# Spinning Dorset



## Silverpeep (May 3, 2016)

I made an effort to spin a thicker yarn, as I'm usually on the lighter side of worsted. Almost 400 yards from 8 oz. roving. It's surprisingly soft, light and springy. Could be worn next to the skin. Very happy with a purchase I was a bit hesitant on. Have no idea what I'll make with it.
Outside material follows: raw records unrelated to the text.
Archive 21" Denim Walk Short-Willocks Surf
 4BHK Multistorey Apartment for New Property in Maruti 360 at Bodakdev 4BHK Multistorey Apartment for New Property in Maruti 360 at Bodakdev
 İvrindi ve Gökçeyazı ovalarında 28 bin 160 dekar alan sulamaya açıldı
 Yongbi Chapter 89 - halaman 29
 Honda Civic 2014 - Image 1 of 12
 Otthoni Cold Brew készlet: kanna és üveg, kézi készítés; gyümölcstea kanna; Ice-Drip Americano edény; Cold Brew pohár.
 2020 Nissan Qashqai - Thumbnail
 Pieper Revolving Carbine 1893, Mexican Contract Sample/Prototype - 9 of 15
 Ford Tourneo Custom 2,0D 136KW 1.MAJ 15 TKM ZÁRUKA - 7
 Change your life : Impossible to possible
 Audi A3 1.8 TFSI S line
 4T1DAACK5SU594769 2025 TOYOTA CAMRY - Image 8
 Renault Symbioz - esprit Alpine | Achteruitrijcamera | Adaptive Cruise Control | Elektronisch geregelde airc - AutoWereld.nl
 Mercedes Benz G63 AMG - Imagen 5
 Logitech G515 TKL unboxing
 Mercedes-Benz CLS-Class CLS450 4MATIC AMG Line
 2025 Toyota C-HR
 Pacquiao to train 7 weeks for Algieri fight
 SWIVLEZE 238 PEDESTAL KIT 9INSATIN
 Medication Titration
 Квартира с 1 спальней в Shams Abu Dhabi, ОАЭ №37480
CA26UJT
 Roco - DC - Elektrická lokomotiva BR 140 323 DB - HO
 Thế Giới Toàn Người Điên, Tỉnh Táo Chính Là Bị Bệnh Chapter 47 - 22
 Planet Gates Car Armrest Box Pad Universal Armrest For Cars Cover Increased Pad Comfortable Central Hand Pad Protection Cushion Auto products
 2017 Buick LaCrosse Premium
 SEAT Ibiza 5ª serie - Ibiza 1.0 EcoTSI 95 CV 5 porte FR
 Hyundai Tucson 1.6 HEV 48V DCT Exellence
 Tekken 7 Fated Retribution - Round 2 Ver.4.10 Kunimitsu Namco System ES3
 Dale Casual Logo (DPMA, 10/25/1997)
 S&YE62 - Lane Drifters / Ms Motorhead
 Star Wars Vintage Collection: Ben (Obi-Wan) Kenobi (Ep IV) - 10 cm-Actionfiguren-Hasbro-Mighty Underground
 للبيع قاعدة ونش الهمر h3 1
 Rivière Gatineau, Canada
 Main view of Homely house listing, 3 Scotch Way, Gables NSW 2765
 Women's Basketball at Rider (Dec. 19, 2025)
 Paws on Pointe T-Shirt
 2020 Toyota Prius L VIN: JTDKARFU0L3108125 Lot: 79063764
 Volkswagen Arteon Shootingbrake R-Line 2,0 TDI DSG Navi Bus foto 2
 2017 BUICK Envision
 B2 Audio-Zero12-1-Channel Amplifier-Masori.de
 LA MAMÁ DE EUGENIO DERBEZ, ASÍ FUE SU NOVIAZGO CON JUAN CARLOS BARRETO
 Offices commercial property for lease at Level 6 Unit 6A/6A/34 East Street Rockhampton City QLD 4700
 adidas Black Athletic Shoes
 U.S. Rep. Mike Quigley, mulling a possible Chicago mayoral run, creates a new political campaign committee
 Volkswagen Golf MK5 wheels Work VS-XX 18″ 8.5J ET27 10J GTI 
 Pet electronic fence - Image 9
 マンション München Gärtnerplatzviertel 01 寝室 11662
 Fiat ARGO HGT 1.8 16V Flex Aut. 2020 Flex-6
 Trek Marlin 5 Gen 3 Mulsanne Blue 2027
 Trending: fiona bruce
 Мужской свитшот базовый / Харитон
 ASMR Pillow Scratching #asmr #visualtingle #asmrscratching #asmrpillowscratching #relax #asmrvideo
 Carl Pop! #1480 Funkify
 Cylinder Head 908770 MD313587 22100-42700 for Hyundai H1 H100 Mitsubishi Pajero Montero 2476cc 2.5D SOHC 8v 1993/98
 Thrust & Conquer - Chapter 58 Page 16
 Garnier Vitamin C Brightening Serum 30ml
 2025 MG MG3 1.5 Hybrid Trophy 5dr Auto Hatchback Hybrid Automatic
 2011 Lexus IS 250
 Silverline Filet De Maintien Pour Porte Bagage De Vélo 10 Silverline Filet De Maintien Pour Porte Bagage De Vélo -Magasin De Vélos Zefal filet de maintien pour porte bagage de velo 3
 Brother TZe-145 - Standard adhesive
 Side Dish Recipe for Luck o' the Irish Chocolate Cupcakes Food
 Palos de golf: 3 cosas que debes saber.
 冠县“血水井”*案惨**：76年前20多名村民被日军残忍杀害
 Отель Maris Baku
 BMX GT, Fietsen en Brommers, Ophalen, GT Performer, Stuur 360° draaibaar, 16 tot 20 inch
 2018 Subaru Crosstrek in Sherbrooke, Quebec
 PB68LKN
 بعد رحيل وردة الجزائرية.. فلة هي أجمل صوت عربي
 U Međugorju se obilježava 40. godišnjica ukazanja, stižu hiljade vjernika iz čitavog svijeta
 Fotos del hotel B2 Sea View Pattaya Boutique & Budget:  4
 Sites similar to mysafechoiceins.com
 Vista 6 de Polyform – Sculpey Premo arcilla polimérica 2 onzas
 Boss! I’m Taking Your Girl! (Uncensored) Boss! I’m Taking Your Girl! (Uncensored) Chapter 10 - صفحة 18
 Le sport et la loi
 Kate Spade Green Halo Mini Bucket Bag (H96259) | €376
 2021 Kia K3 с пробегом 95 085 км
This came from Solitude Wool in Virginia, www.solitudewool.com if you're interested.


----------



## JuneB (Oct 10, 2014)

I raised a horned Dorset the fiber is incrediably soft and downey... I have spun wonderful yarns and it is wonderful next to the skin.So happy to hear someone else that has spun Dorset


----------



## Silverpeep (May 3, 2016)

I get most of my roving at Wool festivals, but I've not seen much Dorset, which is why I was hesitant to buy. Glad I gave it a shot.


----------



## Cdambro (Dec 30, 2013)

You made a great purchase...it is beautiful in color and a really nice spin. Well done.


----------



## Gaildh (Jan 15, 2015)

Beautiful


----------



## crivitz (Apr 12, 2015)

Your yarn is so inviting--I just want to squish and squish and squish. You did a great job.


----------



## wordancer (May 4, 2011)

Such a yummy colour, thanks for the link.


----------



## Reba1 (Feb 5, 2012)

Your yarn looks so cuddly. As crivitz said, I just want to SQUISH it.


----------



## mama879 (Jan 27, 2011)

I love blues. Your yarn looks sooo soft just want to squeeze it. Will check out the website. Thanks for sharing.


----------



## BirchPoint (Feb 12, 2016)

Nice, nice yarn! I love hearing about the different breeds that get spun, much better than reading about it in a book.


----------



## Lolly12 (Oct 10, 2012)

Beautiful yarn


----------



## howesfam (Jun 24, 2011)

Lovely, growing up I had a pet Dorset sheep. I never got to use the wool. I'll have to look for some.


----------



## gardenpoet (Jun 24, 2016)

It does look squishy, and with an interesting texture. Beautiful work! I look forward to seeing what it looks like knit. You could make a little swatch just to show us?


----------



## FiberQueen (Aug 23, 2012)

Good job


----------



## Spooly (Oct 22, 2011)

That is some beautiful blue yarn.


----------



## Silverpeep (May 3, 2016)

Did a small swatch on size 8 needles. Think I'll switch to size 9 and knit a hood. I have a pattern in my stash.


----------



## BirchPoint (Feb 12, 2016)

That linen stitch?
It knits up nicely!


----------



## Silverpeep (May 3, 2016)

No, stockinette.


----------



## kwharrod (Jul 24, 2012)

Very well done! Your spinning is really even and the color is lovely.


----------